For several years since its inception in India, commercial surrogacy has been considered a taboo, a social wrong and a practice to be ashamed of. It is quite hard to imagine the birth of babies, a concept considered sacred and holding a strong emotional connect, as a subject matter of commercial activity. Feminist arguments against surrogacy as the objectification of a woman’s womb and the religious arguments against surrogacy as it being unethical and noxious to age-old customs have long persisted in the political debate surrounding surrogacy. Commercial Surrogacy or “wombs for rent” still continued to be a growing business in India. It has been popularly described as the “baby booming practice” or “parenthood by proxy” by critics. India is currently the no.1 hub for surrogacy services in the international market purely because surrogate mothers are easily available, the entire cost of procedure is fairly inexpensive and because there is no law governing this business. Legalised in 2002 as a part of the country’s drive to promote medical tourism, it is now a half-a-billion dollar a year industry. Commercial surrogacy business in India opens up a pandora’s box of social, ethical and legal issues which will be discussed through the course of this article.
2. Legal Developments prior to Baby Manji
Internationally surrogacy has been demarcated into three kinds – Free Market, Regulated and Prohibited. Some countries have completely banned surrogacy making it a criminal offence while other countries do not allow it on limited grounds of altruism India is the only country in the world that has regulated surrogacy activities nor has it banned the practice. The entire world sat up and took note of surrogacy when the New Jersey Supreme Court heard the Baby M case.The Court handed over the baby in question to the intended parents in the best interests of the child but held that the commercial surrogacy contract to be void against public policy. Following the Baby M case commercial surrogacy as a business began to be acknowledged and regulated not only in the United States of America but other countries also. Majority of the world’s countries are yet to establish legislation but of the countries that have legislated on Surrogacy several including Germany, Italy and most states of the United States prohibit all forms of Surrogacy. India unfortunately falls into the category of the countries that have no substantial legislation regulating surrogacy.

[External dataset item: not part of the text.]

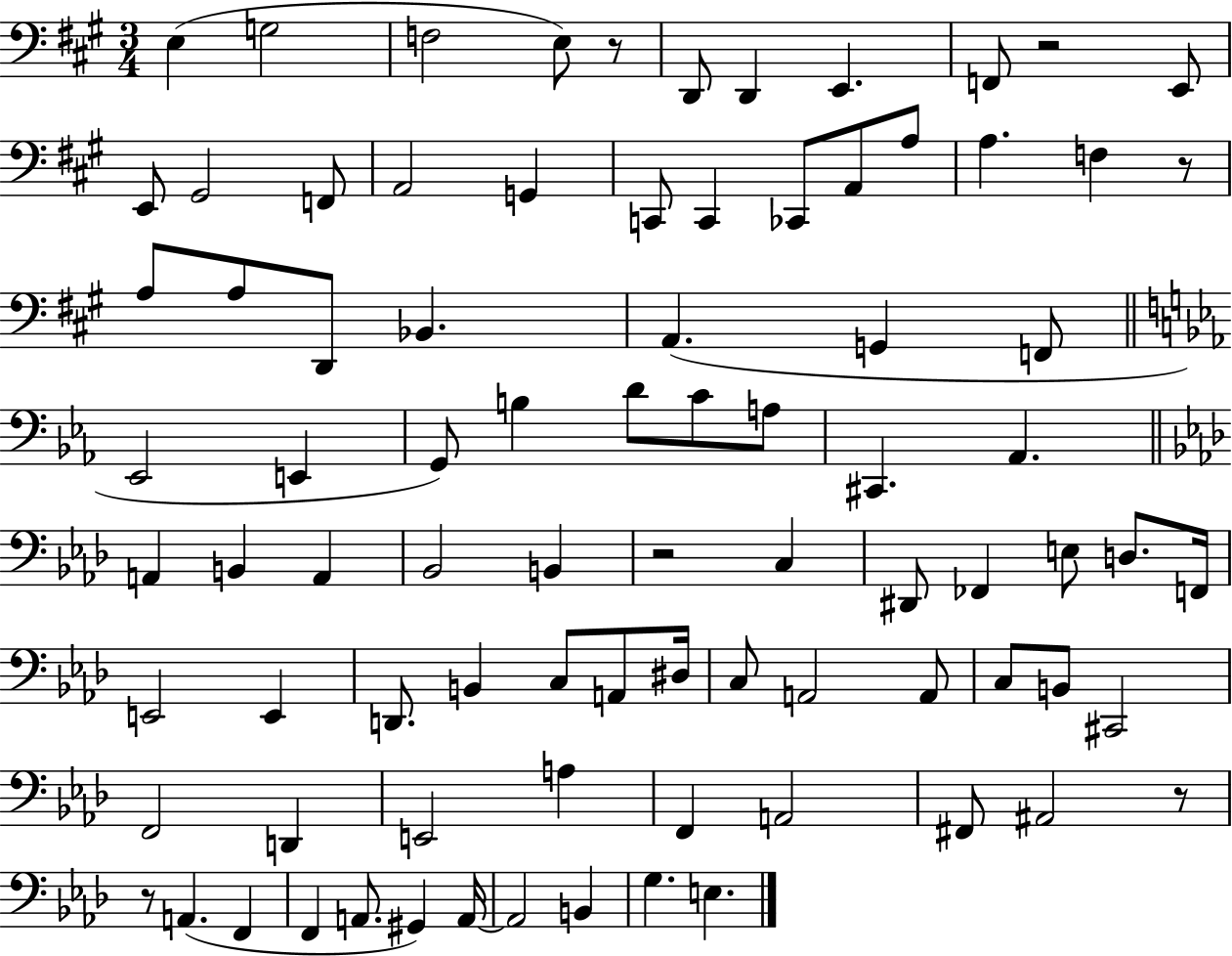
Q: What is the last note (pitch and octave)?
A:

The Delhi Artificial Insemination Act, 1995 is the only statutory act prevailing in India. After several years of discussion and debate the National Academy of Medical Sciences, Indian Council of Medical Research, practitioners of ART and the Ministry of Health and Family Welfare published the non-binding National Guidelines for Accreditation, Supervision and Regulation of ART clinics in 2005. These guidelines did not specify any legal bar for the use of Assisted Reproductive Technology (ART) by a single woman and the child born would have legal rights on the man or woman concerned. However these guidelines being non-statutory till date, it is up to the sweet will of the clinics whether they follow it or not. There is no internal regulatory body either like the HFEA in U.K. The favoured ‘Surrogacy Destination’ of the world, India, must have laws to back the business of Surrogacy and IVF as the issues relating to Surrogacy are complex and very complicated. However, till 2008 there were no legal provision dealing directly with Surrogacy, to govern the matters relating to the rights and interests of the Surrogate Mother, the Child, or the Commissioning Parents. The urgency to bring in an enactment regarding surrogacy was brought forth by the judgement in the Baby Manji case in 2008.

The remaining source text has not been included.